Ask HN: How to exhaustively search the scientific literature?
I have a need for a comprehensive database of a certain type of event described in the scientific literature. For what it's worth, the event is a 'paleoearthquake', which is a historic or prehistoric earthquake that is found in the geologic record, usually by digging a trench across a fault line and identifying the disturbances in the geologic strata across or adjacent to the fault and, if possible, dating them via radiocarbon or other geochronological methods. However I don't think the specifics are particularly important.
The issue is that these are generally reported in the literature from local investigations of one or two faults, yielding a few events. These studies are done wherever there are earthquakes on land, so we have a global scope and language issues. Even limiting the results to the English peer-reviewed literature, however, it's a huge distributed search.
I estimate that there are on the order of 10,000 published events, and a mean of 2-3 events per publication.

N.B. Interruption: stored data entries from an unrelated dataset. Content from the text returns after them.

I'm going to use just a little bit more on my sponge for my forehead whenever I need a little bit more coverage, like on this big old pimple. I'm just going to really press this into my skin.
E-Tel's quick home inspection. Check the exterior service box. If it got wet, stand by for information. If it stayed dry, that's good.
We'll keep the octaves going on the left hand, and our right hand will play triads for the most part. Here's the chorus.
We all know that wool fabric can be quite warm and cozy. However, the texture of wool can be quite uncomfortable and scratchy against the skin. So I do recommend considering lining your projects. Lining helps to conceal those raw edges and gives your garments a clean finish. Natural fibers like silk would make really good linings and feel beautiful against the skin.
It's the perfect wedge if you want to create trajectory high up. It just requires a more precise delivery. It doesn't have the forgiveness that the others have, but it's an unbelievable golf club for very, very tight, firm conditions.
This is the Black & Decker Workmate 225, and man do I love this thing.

For my immediate use of the database, it is very important for the database to be as complete as possible--I'm not looking for a sort of statistically representative sample. The literature itself is quite incomplete of course, but we're limited to what exists for now.

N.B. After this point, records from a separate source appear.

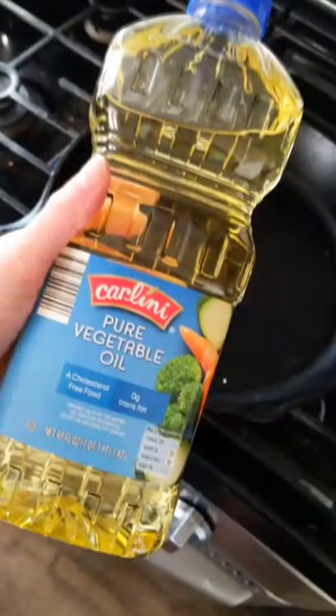Then it's oftentimes recommended that you re-season your cast iron skillet. So to do this, just grab a little bit of neutral oil and rub it in with a paper towel. This will give it seasoning for the next time that you cook on it.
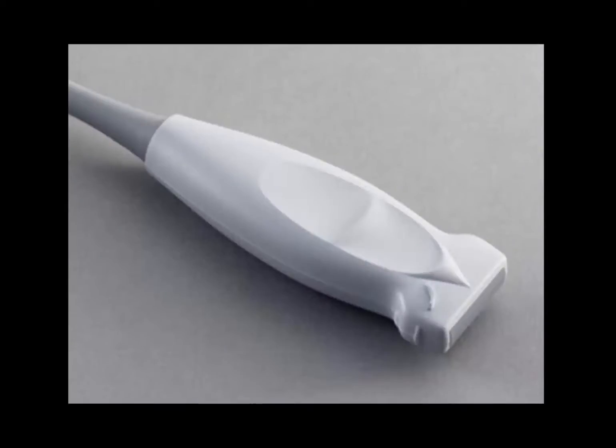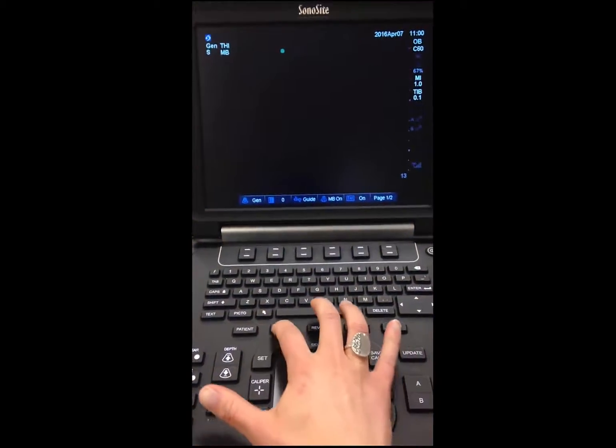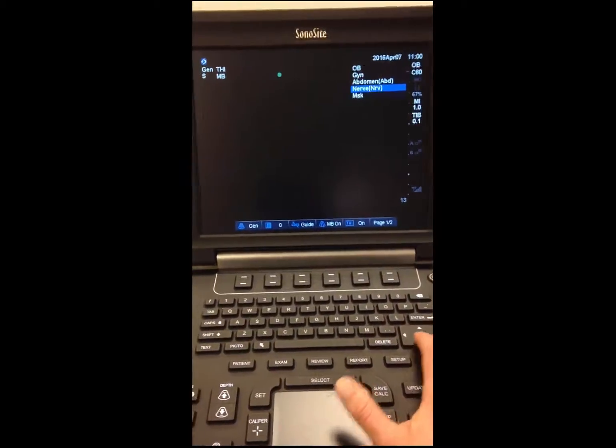You will also need the high-frequency probe set to the nerve setting. To set it up, hit the exam button on our machine, scroll down to the nerve setting, and hit SELECT.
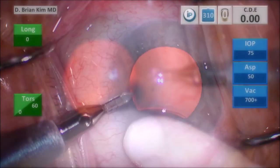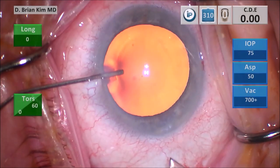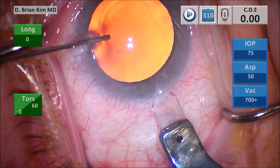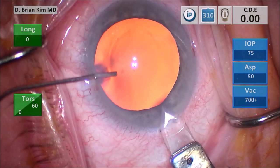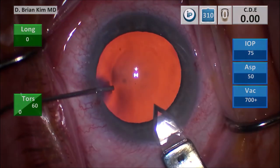Here I'm marking the central cornea and then making my incisions. I'm filling the eye with viscoelastic and making my triplanar corneal incision, making a vertical groove, then tunneling and entering into the anterior chamber. So far, so good. I don't see any evidence of intraoperative floppy iris syndrome.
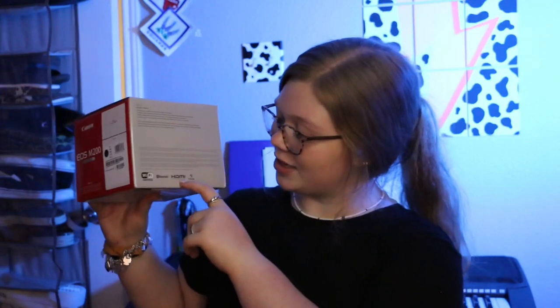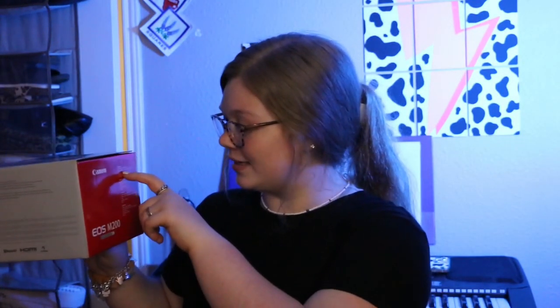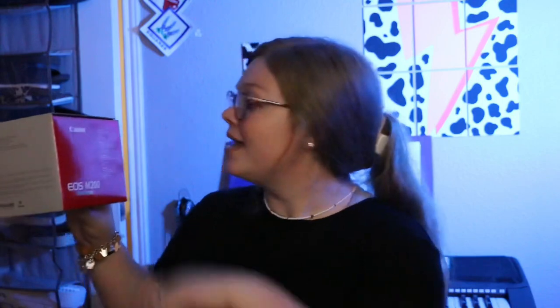I actually got the content creator kit for Christmas last year. It came with a tripod, charger, batteries, SD card — all the fun stuff — but I'm purely reviewing the camera today. This is the box it came in. It shows the body and the lens, and it's Wi-Fi certified, Bluetooth certified, has an HDMI port. It says digital camera EOS M200, zoom lens EFM 15 to 45mm f/3.5 through 6.3, and includes the strap, battery charger, and battery pack.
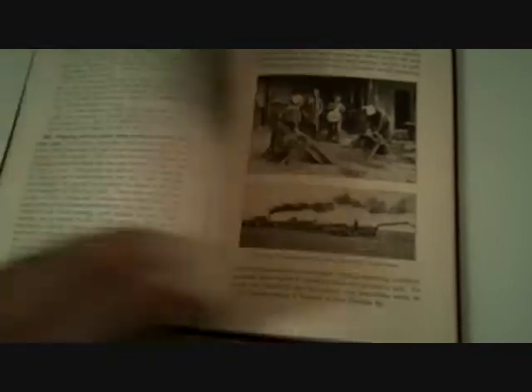It covers corn varieties, types of corn, hays, legumes, rice production, all the small grains, and growing hogs.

Starting with the first step of collating publications, what tools would one use? I have access to most journals through various university affiliations. Are there particular APIs? Web scraping tools? LLMs?
Thanks! One option that shouldn't be overlooked: get a temporary subscription to an OpenAI model that allows you to run what they originally called "deep research" (nowadays called "Extended Pro" mode.) This isn't available on the freebie chat page, it will require at least a $20/month subscription (and maybe more, not sure.) Then, basically paste your post into the prompt and let it crunch. It will take up to 30 minutes or so, and will often give you a reasonably comprehensive report in which most of the references actually exist. It is absolutely a better-Google-than-Google class of resource. I'll do that and see if it comes up with anything meaningful, and also try it on Gemini 3.1. For a query like this I wouldn't expect it to return a list of thousands of individual reports, but it might give you some good leads that you can follow up with your existing journal access. Edit: GPT results: https://chatgpt.com/share/699df5db-b3d4-800b-b737-224319593e... Gemini 3.1 Pro results: https://gemini.google.com/share/bd22eb43c13b Thanks. I've got an OpenAI subscription and tried this in the past, and got a handful of results, but nothing comprehensive. Perhaps it is better now, or I could change the way I ask. No prob, see if there's anything useful in any of the links I added to the post. I'm always interested in good benchmarks and test cases, as I usually don't have enough of my own to justify my expensive pro subscriptions. (I did not review them myself as I don't know what I'm looking at.)